Today, she said, not that much has changed. “Those challenges still exist,” Leibig says of what women artists are up against in country music, “We are just now getting to the point where those topics are being more openly talked about. But there’s still a long way to go.”
There are some structural reasons why country music has historically had a gender problem. Dean Hubbs, a professor of women’s studies, music and American culture at the University of Michigan, told The 19th that country music as an industry is unique within the larger context of pop music because it actually has a professional organization dedicated to researching and promoting it: the Country Music Association (CMA), which has existed since 1958. Historically, both the CMA and country radio “have sometimes steered country music in directions more conservative than artists’ and listeners’ preferences,” Hubbs said.
Need examples?

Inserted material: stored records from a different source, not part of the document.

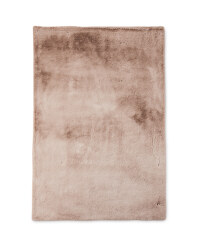 Large Brown Faux Fur Rug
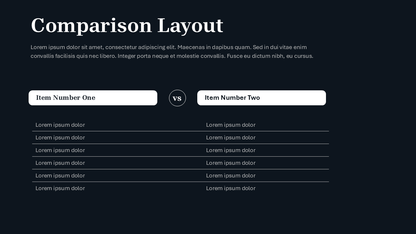 Black PPT Template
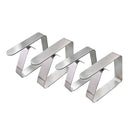 4Pcs Stainless Steel Table Cloth Clip Tablecloth Clamps Holder For Party Wedding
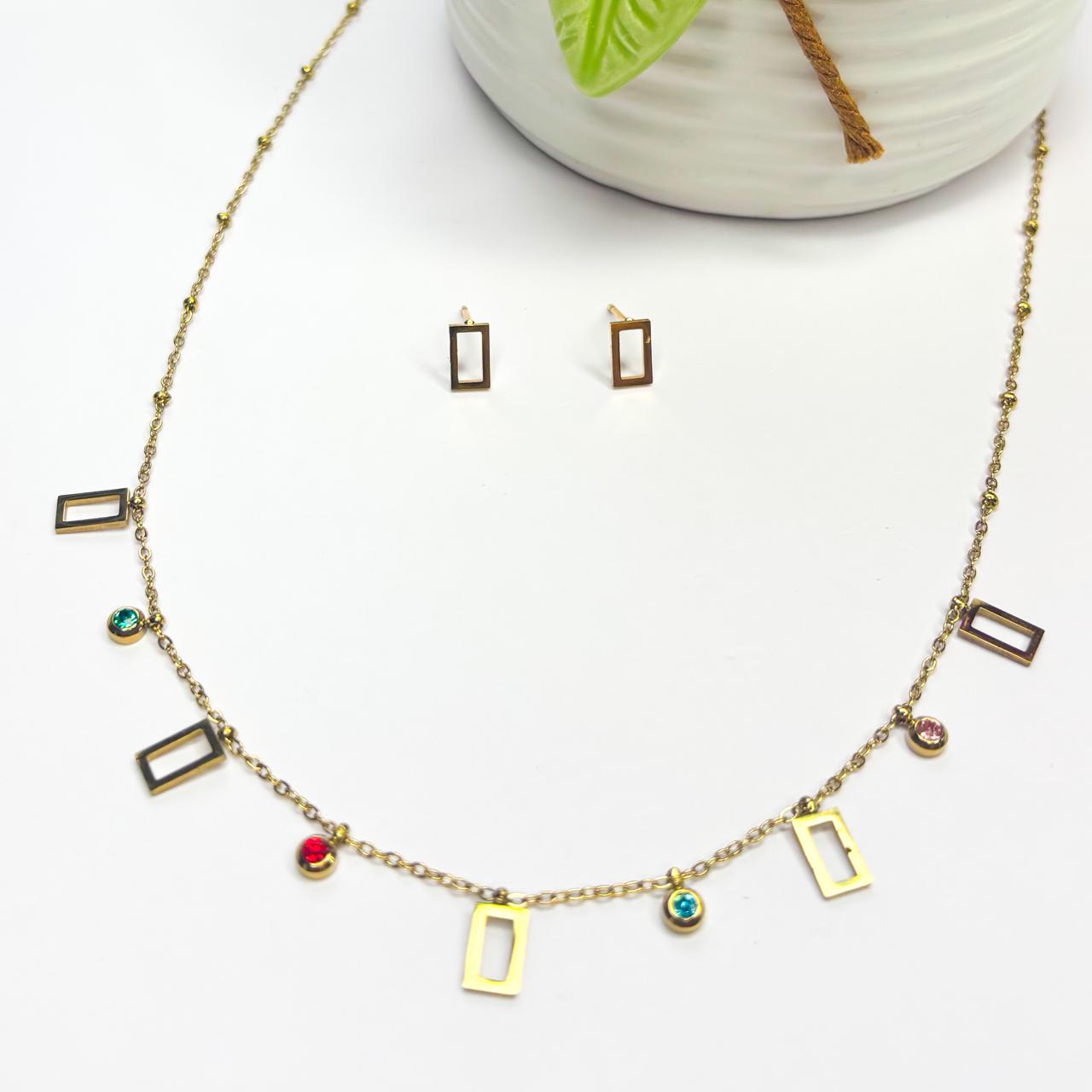 Prism Frame Necklace Set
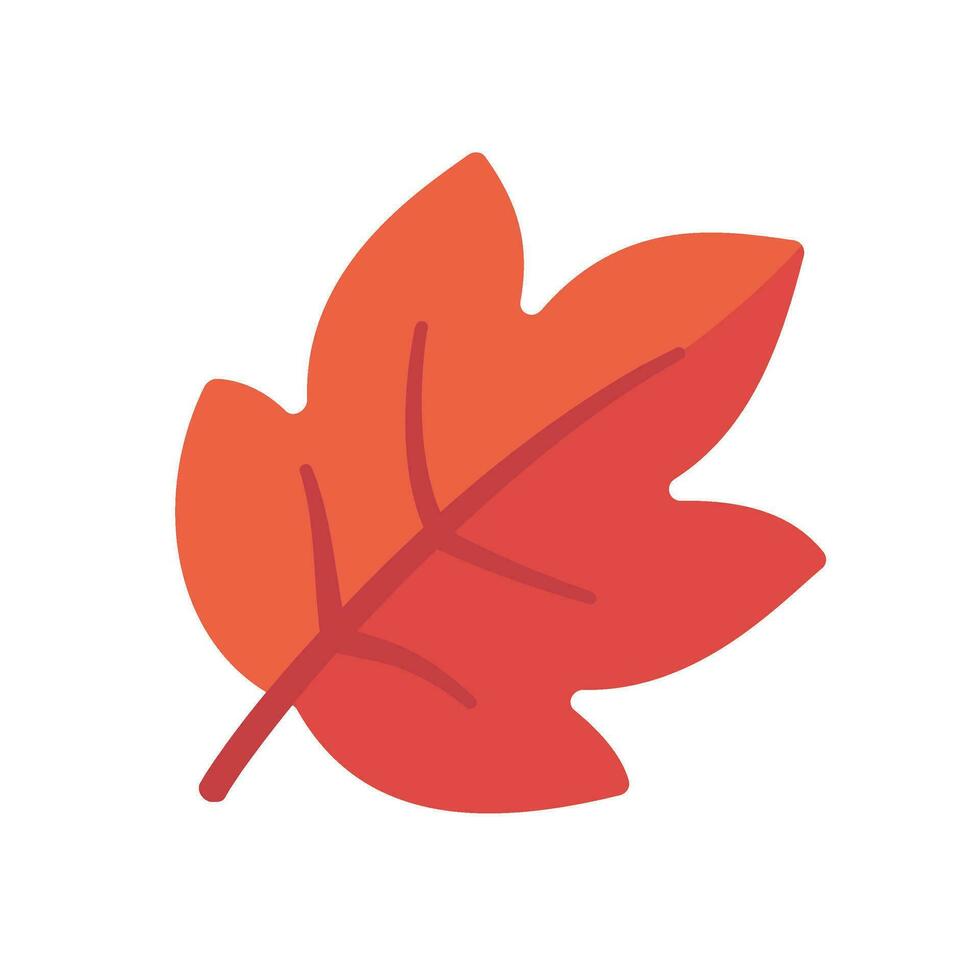 Beautiful leaf composition. Leaves change color in autumn vector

Look no further than some of the notorious songs banned from country radio, ranging from Kitty Wells’ 1952 “It Wasn’t God Who Made Honky-Tonk Angels” (about how unfaithful men are to blame should a woman be unfaithful), Lynn’s 1975 “The Pill” (about a woman angered and frustrated about having no control over her back-to-back pregnancies driven by her husband’s desires until she’s able to begin oral contraceptives), and Martina McBride’s 1994 “Independence Day” (which drew a connection between American independence and a mother killing her husband in a house fire to escape domestic violence).

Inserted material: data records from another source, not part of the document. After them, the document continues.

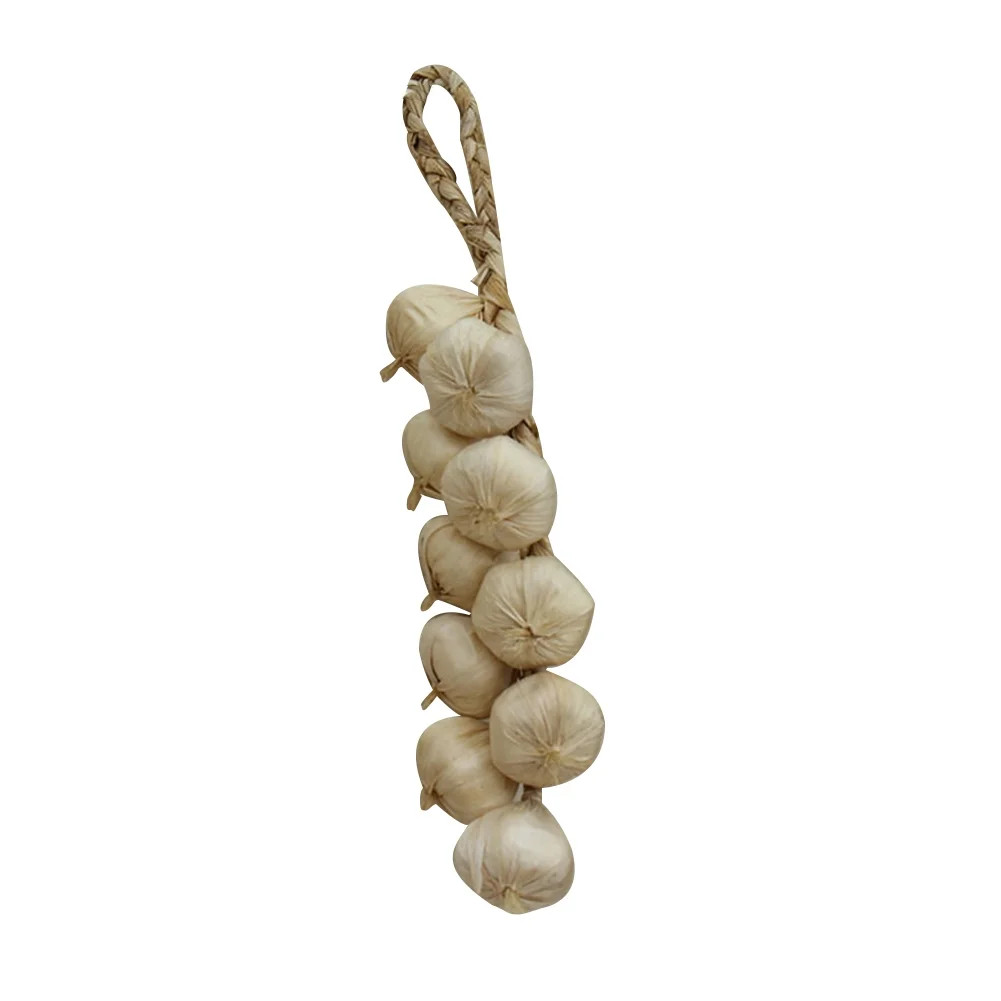 Farfi Artificial Fruit Foam Vegetable Corn Pepper Garlic Hanging Photo Prop Home Decor (White Gar... | Walmart (US)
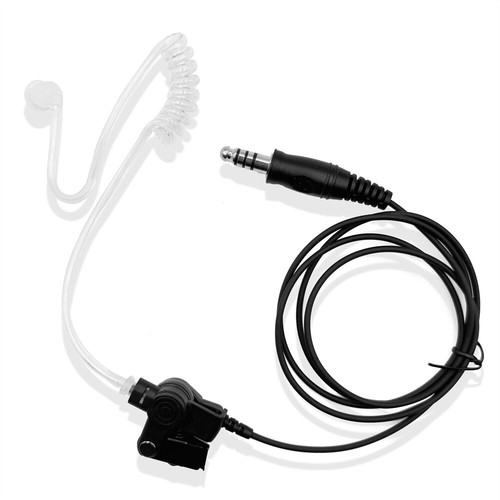 WalkieTalkie PTT Akustikrohr-Ohrhörer für BaoFeng Kenwood Serie Radio - Zdjęcie 6 z 7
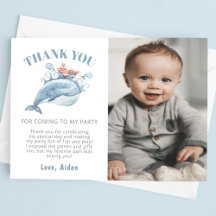 Foto de cumpleaños de niño de ballena azul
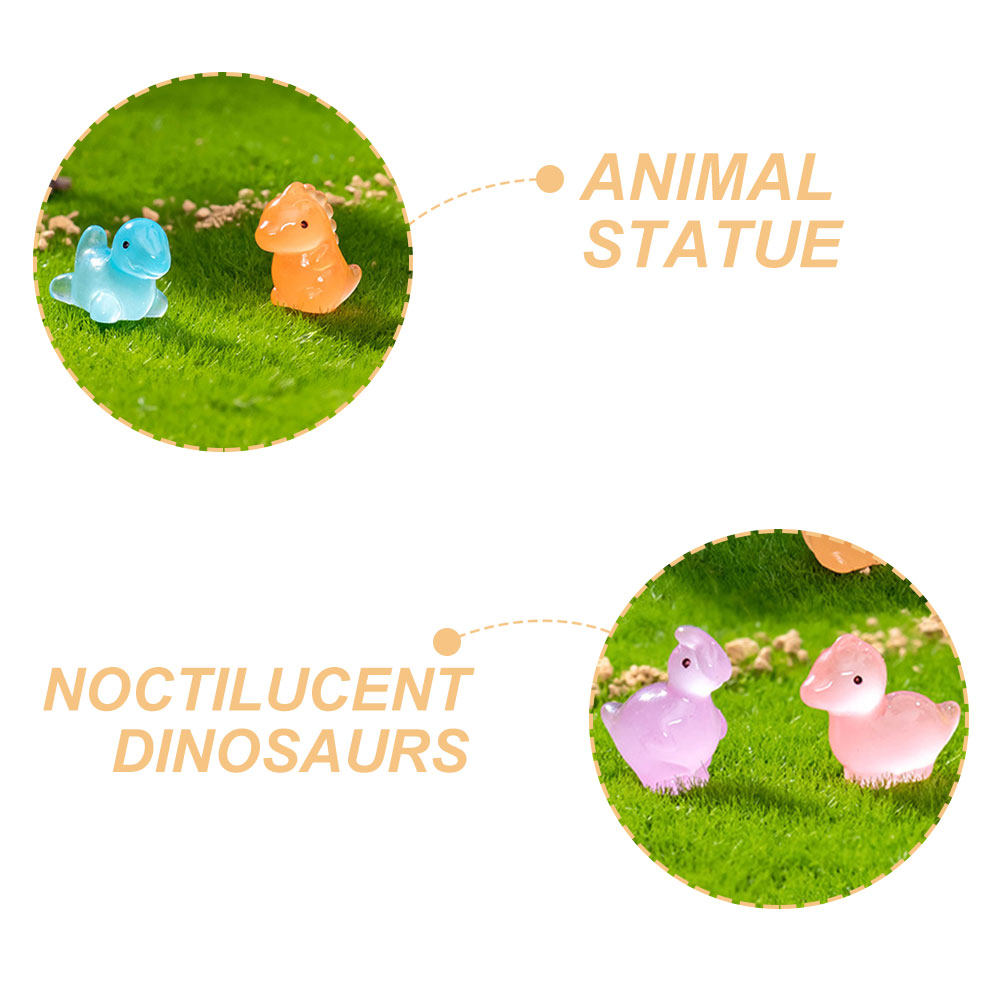 27個入り 暗闇で光る樹脂製ミニ恐竜飾り 盆栽 ミニチュア風 - Bonsai Garden For Desk のレビューと価格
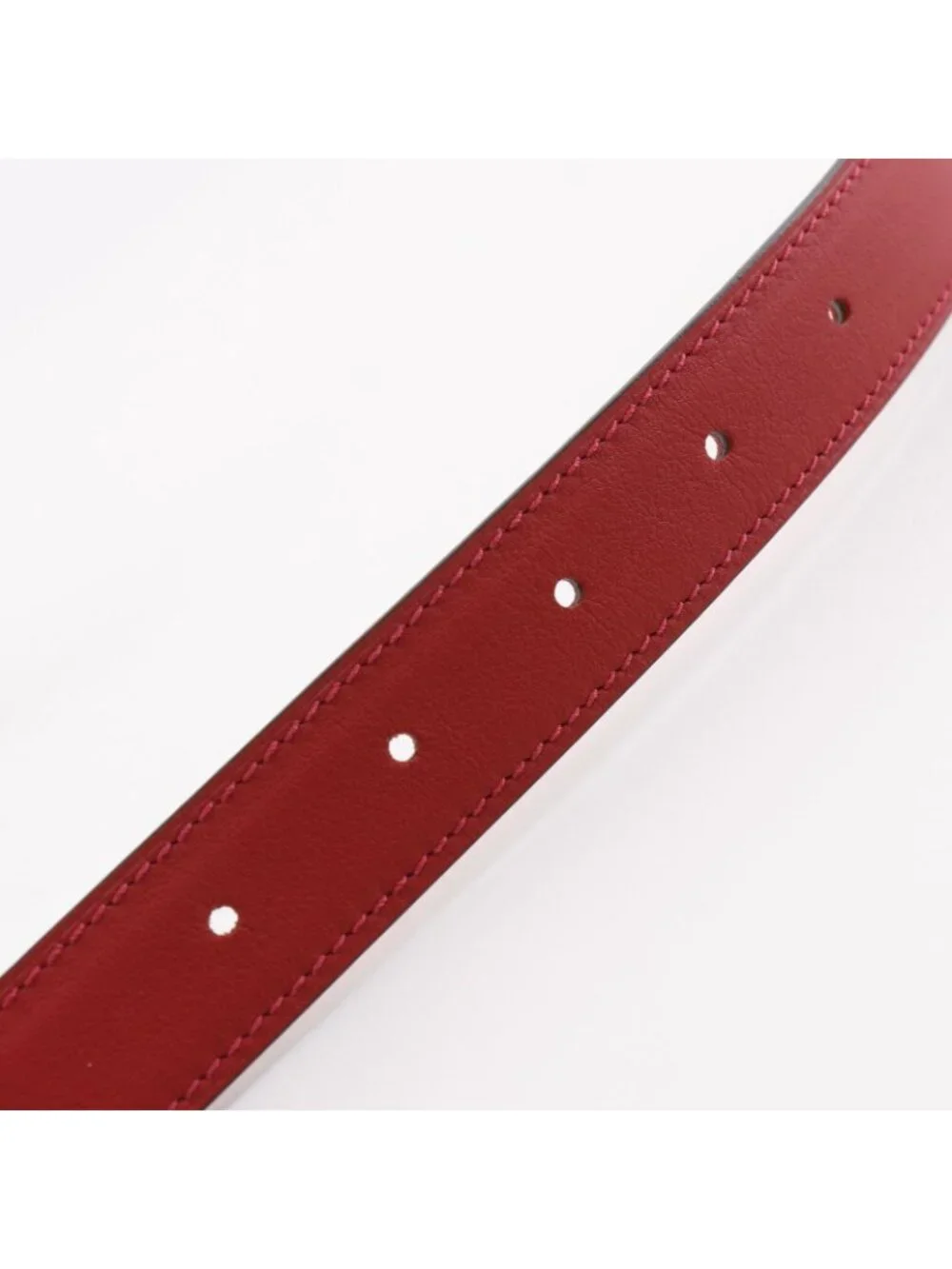 Hermes Rival Reversible Swift Veau Metal Red Belt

Most famously, the all-women country music trio the Chicks (then known as the Dixie Chicks) was outright banned from all country radio — and the industry writ large — for years after Natalie Maines, the lead singer, publicly stated that she was “ashamed that the president of the United States is from Texas” during a 2003 concert in London at the height of then-President George W. Bush’s mounting military intervention in Iraq.

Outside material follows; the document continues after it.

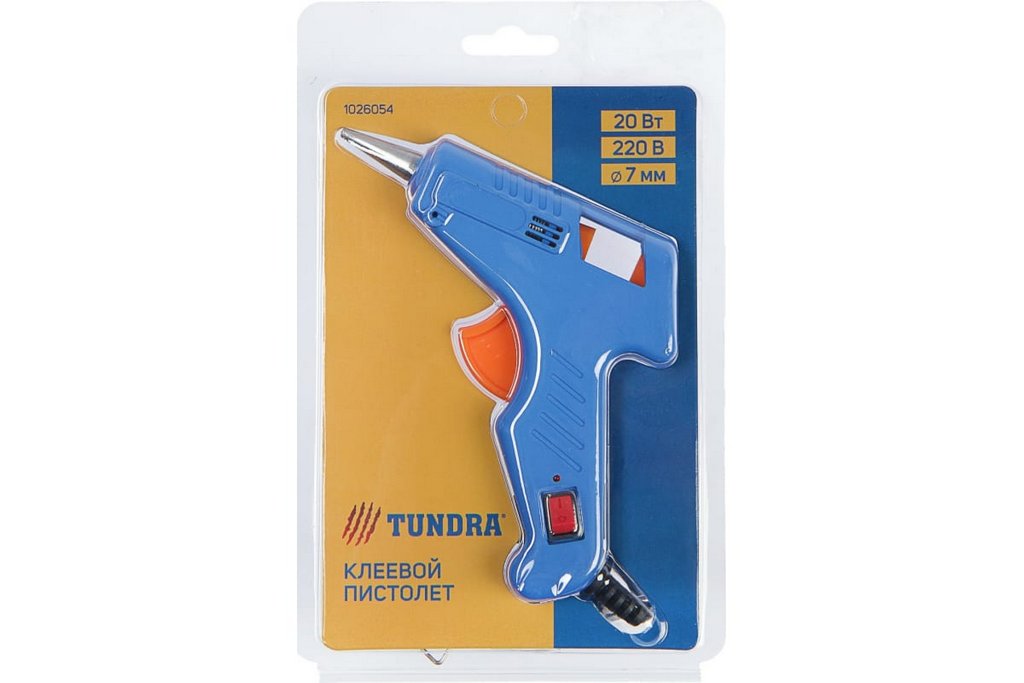 Клеевой пистолет для стержня  7мм "TUNDRA basic"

As Hubbs explained, Wells’s, Lynn’s and McBride’s songs were beloved by fans and taken off air simply because they were thought to have “extreme or dangerous messages about women.” The Chicks “weren’t censured for gender content,” Hubbs said, “but they were the highest-profile female artists in the country when country radio led boycotts and record-burning events against them for their political speech.”
In other words: Certain voices are not allowed to have opinions in country music, and because those voices are predominantly those of women, women are often pushed out of fully participating in the industry — and getting to self-identify with the genre — across the board.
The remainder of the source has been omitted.